[comp.arch] 80-20

lindsay@MATHOM.GANDALF.CS.CMU.EDU (Donald Lindsay) (11/11/89)

From the press:

"...Digital's engineers isolated the core VAX instruction set,
including 80% of the most used opcodes and optimized it to the VAX
9000 gate structure.  The conversion didn't involve reducing - or
RISCing - the instruction set but more accurately hardwiring it into
a single-cycle instruction set.  ... The other 20% of complex
instructions execute with microcode as always..."


If DEC would document exactly what's in that 80%, then VAX compiler
writers could FINALLY settle the subject of choosing between
different instruction sequences.
-- 
Don		D.C.Lindsay 	Carnegie Mellon Computer Science

hascall@atanasoff.cs.iastate.edu (John Hascall) (11/12/89)

In article <???> lindsay@MATHOM.GANDALF.CS.CMU.EDU (Donald Lindsay) writes:
 
}From the press:
 
}"...Digital's engineers isolated the core VAX instruction set,
}including 80% of the most used opcodes and optimized it to the VAX
}9000 gate structure.  The conversion didn't involve reducing - or
}RISCing - the instruction set but more accurately hardwiring it into
}a single-cycle instruction set.  ... The other 20% of complex
}instructions execute with microcode as always..."
 
}If DEC would document exactly what's in that 80%, then VAX compiler
}writers could FINALLY settle the subject of choosing between
}different instruction sequences.

    How hard can it be to figure out?  Write a simple loop:

               MOVL    #BIGNUM,R0
       10$:
               <i-u-t>             ; repeat instruction under test,
                  .                ; say, 100 times
                  :
               <i-u-t>
               SOBGTR  R0,10$

    Anyway, looking at the VAX Arch.
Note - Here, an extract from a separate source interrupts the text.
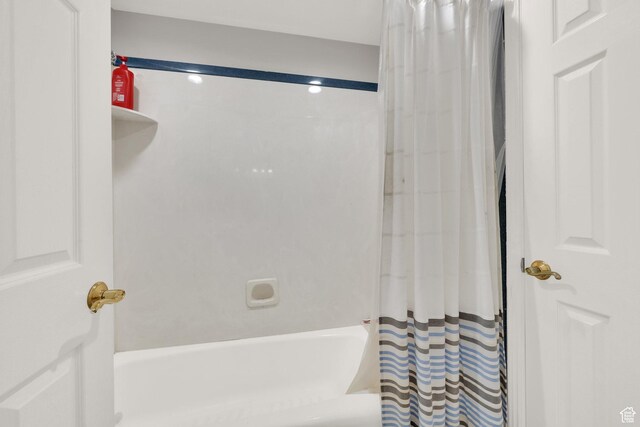 1569 Troon Cir, Syracuse, UT 84075 - full bath with shower / tub combo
Handbook (Chap 10) we find:

        304 instructions (unless they've added some)
        304 * 0.80 = 243 (approx.)
        
        We can probably assume that most of the "Kernel Instruction Set"
   (those instruction required in any implementation--may not be emulated)
   are hardcoded.  That's 175 instructions instructions (less MOVC3, MOVC5,
   LDPCTX, PROBER, PROBEW, REI, SVPCTX, INDEX, POPR, PUSHR, XFC, CALLS, CALLG,
   RET, 6 queue instructions and 7 bitfield instructions) giving 148.  Then
   there are 102 FP instructions (less ACBx (4), POLYx (4) and EMODx (4))
   giving 90.  148 Kernel + 90 FP = 238 instructions (or 78%).  I would
   suspect I'm not off by more than a handfull of instructions in either
   direction.


John Hascall

mash@mips.COM (John Mashey) (11/12/89)

In article <1925@atanasoff.cs.iastate.edu> hascall@atanasoff.UUCP (John Hascall) writes:
...
>}If DEC would document exactly what's in that 80%, then VAX compiler
>}writers could FINALLY settle the subject of choosing between
>}different instruction sequences.

>    How hard can it be to figure out?  Write a simple loop:
>
>               MOVL    #BIGNUM,R0
>       10$:
>               <i-u-t>             ; repeat instruction under test,
>                  .                ; say, 100 times
>                  :
>               <i-u-t>
>               SOBGTR  R0,10$
.......

1) Note that one must be careful with such a thing, because many of the
more aggressive machines have all kinds of stalls or other pipeline
effects that will NOT be revealed by such a test.  It may be sufficient
to reveal whether or not it's single-cycle-issue inthe normal case,
or it might not.

2) It is hard for compiler writers to EVER figure out the optimal
code sequences, in any evolving family of computers. This is nothing
new.  About 20 years ago, I was torturing myself to write Really Good S/360
BAL code, having carefully studied the timings for 360/50, 360/67,
360/75, and then 370/1xxs.  In any broad computer line, there is seldom
code that is optimal for everything.  Note that optimal code for 286,
386, 486 are all different, as was code for 68000, 68010, and 68020, at
least, and the 2-cycle bus interface of the 68030 changed some of
the tradeoffs. 

3) It certainly isthe case, that a plausible strategy in a product line
is to worry about the machines with:
	the longest pipelines, and usually longest latencies
	the most parallel units
in that you might put in optimizations that make little difference to
the simpler machines, they won't usually hurt them much, if at all, while
they noticably help the more complex ones.
Along this line, I've heard of compiler speedups on S/360 machines
(like code scheduling, to spread loads and usage of the loaded data apart),
which dn't bother the old simpel machines, but help ones with more
aggressive pipelines, because some of the stalls are then eliminated.
-- 
-john mashey	DISCLAIMER: <generic disclaimer, I speak for me only, etc>
UUCP: 	{ames,decwrl,prls,pyramid}!mips!mash  OR  mash@mips.com
DDD:  	408-991-0253 or 408-720-1700, x253
USPS: 	MIPS Computer Systems, 930 E. Arques, Sunnyvale, CA 94086

henry@utzoo.uucp (Henry Spencer) (11/12/89)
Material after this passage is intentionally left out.